The weather commands (Weather, Weather_Char, Clouds, Winds, Temperature, Baro_Pressure, and Visibility) collectively enable an adventure to create a local weather area. This topic is an overview of the weather commands, providing a brief description of how the weather commands work together to form the complex entity of a weather area.

Only one adventure weather area can exist at any given time. The Weather command controls the existence and defines the scope of the current adventure weather area. Each time a Weather command is executed, any existing weather area created by an adventure (whether the current adventure or a previous one) is deleted, and a new weather area is initialized. This behavior isn't dependent on whether the names of the adventure weather areas (as specified in the name parameter of the Weather command) match or not.

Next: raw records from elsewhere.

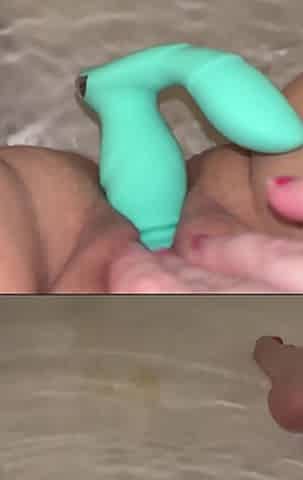 Self Thrusting Dildo in my Pussy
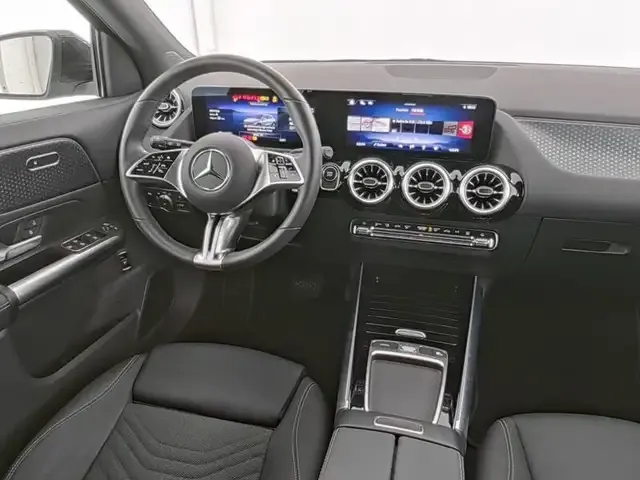 Mercedes-Benz EQA 300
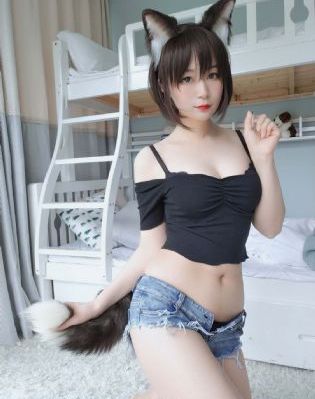 夜幕下的黄色幽灵
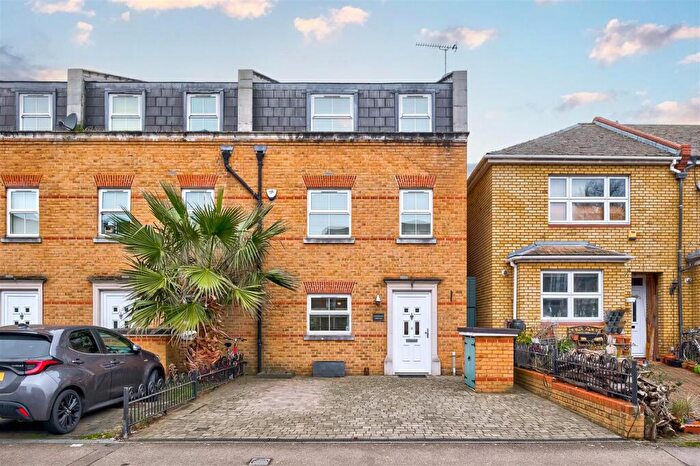 3 Bedroom Semi Detached House For Sale In Sylvan Road, Wanstead, E11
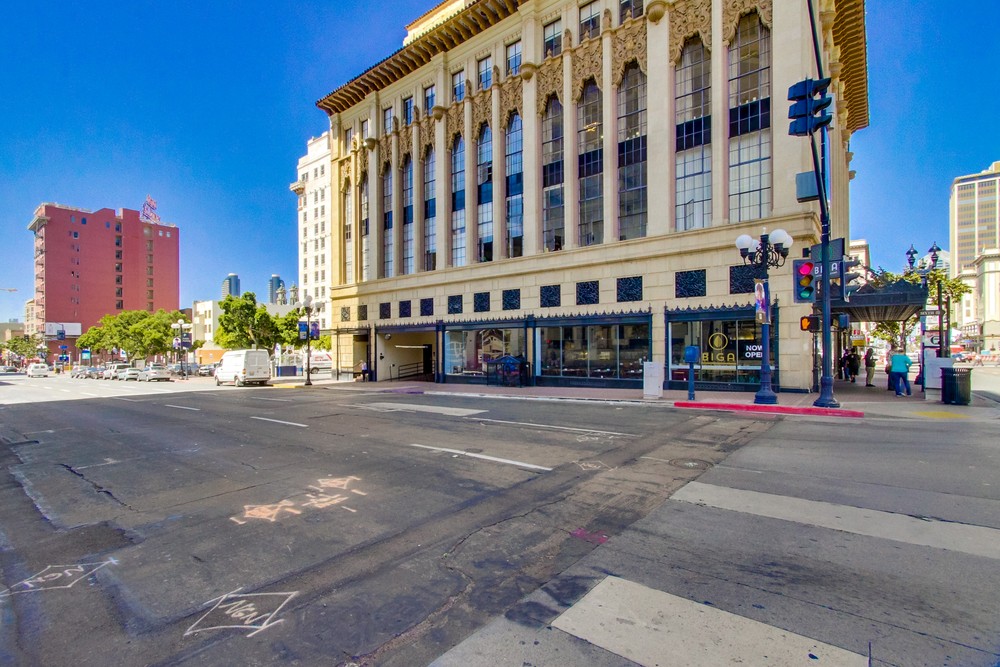 Virtual tour photo 3 of 38 for 950 Sixth Ave #542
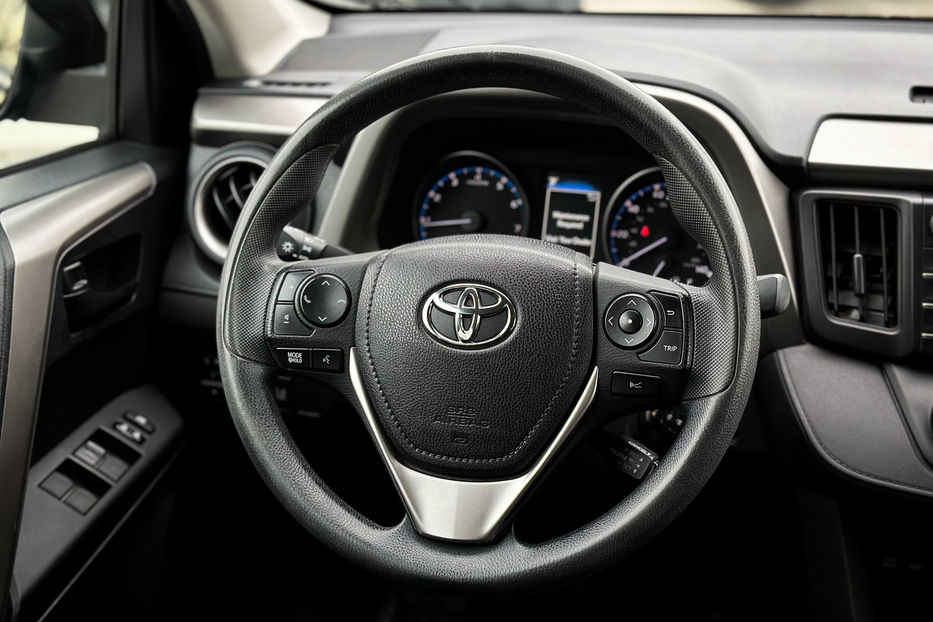 Продам Toyota Rav 4 LE 2016 года в Черновцах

The Clouds, Winds, and Temperature commands specify parts of the weather area in terms of altitude layers. For example, there can be up to three layers of clouds, and each Clouds command specifies one layer. After three Clouds commands have been executed in the current weather area, all the possible cloud layers have been defined and additional Clouds commands have no effect. Even if a subsequent Clouds command specifies the same altitude region as an earlier Clouds command, the subsequent command does not replace the earlier one. Cloud layers are identified by layer numbers. The layer number does not have anything to do with the physical order in which the layers are displayed or presented in Flight Simulator; it simply identifies the layer for later commands. Alternatively, if a subsequent Clouds command specifies the same layer number, the subsequent layer replaces the earlier layer with the same layer number or deletes it if the Delete form of the command is used. Layers work in much the same way for Winds and Temperature commands.

The Weather_Char, Baro_Pressure, and Visibility commands specify global characteristics of the weather area. These commands aren't layer specific, so a subsequent command simply overrides an earlier command.